The limitations detailed above and the other conditions of the SEC exemptive order permitting the Inter-Fund Program are designed to minimize the risks associated with Inter-Fund Program for both the lending fund
and the borrowing fund. However, no borrowing or lending activity is without risk. When a fund borrows money from another fund, there is a risk that the loan could be called on one day’s notice or not renewed, in which case the fund may have to
borrow from a bank at a higher rate or take other actions to payoff such loan if an inter-fund loan is not available from another fund. Any delay in repayment to a lending fund could result in a lost investment opportunity or additional borrowing
costs.
During the current reporting period, none of the Funds covered by this shareholder report have entered into any inter-fund loan activity.
62
Changes Occurring During the Reporting Period
The following information in this semi-annual report is a summary of certain changes during the reporting period. This information may not reflect all of the changes that have occurred since you
purchased shares of the Fund.
Amended and Restated By-Laws
On October 5, 2020, after a rigorous and deliberative review, and consistent with the interests of each Fund’s long-term shareholders, the Board of Trustees of each Fund adopted Amended and Restated By-Laws.

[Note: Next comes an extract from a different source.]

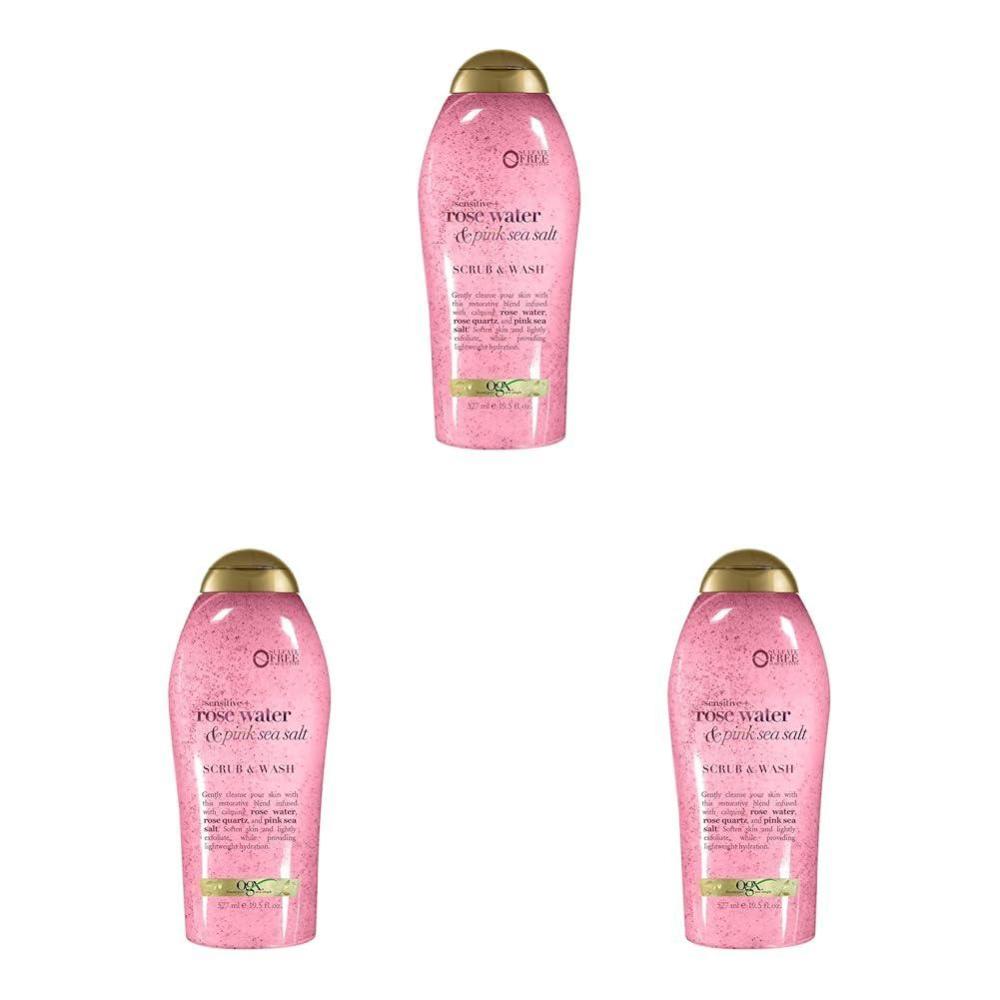 image:imageOGX Sensitive Rose Water amp Pink Sea Salt Exfoliating Body Scrub Rose Quartz Gentle Exfoliating Daily Body Wash Softens Skin Body Scrub for Women SulfateFree Surfactants 195 fl oz195 Fl Oz Pack of 3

Among other changes, the Amended and Restated By-Laws require compliance with certain amended deadlines and procedural and informational requirements in connection with advance notice of shareholder proposals or
nominations, including certain information about the proponent and the proposal, or in the case of a nomination, the nominee. Any shareholder considering making a nomination or other proposal should carefully review and comply with those
provisions of the Amended and Restated By-Laws.
The Amended and Restated By-Laws also include provisions (the “Control Share By-Law”) pursuant to which, in summary, a shareholder who obtains beneficial ownership of common shares of a Fund in a “Control Share
Acquisition” may exercise voting rights with respect to such shares only to the extent the authorization of such voting rights is approved by other shareholders of the Fund. The Control Share By-Law is primarily intended to protect the interests
of the Fund and its long-term shareholders by limiting the risk that the Fund will become subject to undue influence by opportunistic traders pursuing short-term agendas adverse to the best interests of the Fund and its long-term shareholders.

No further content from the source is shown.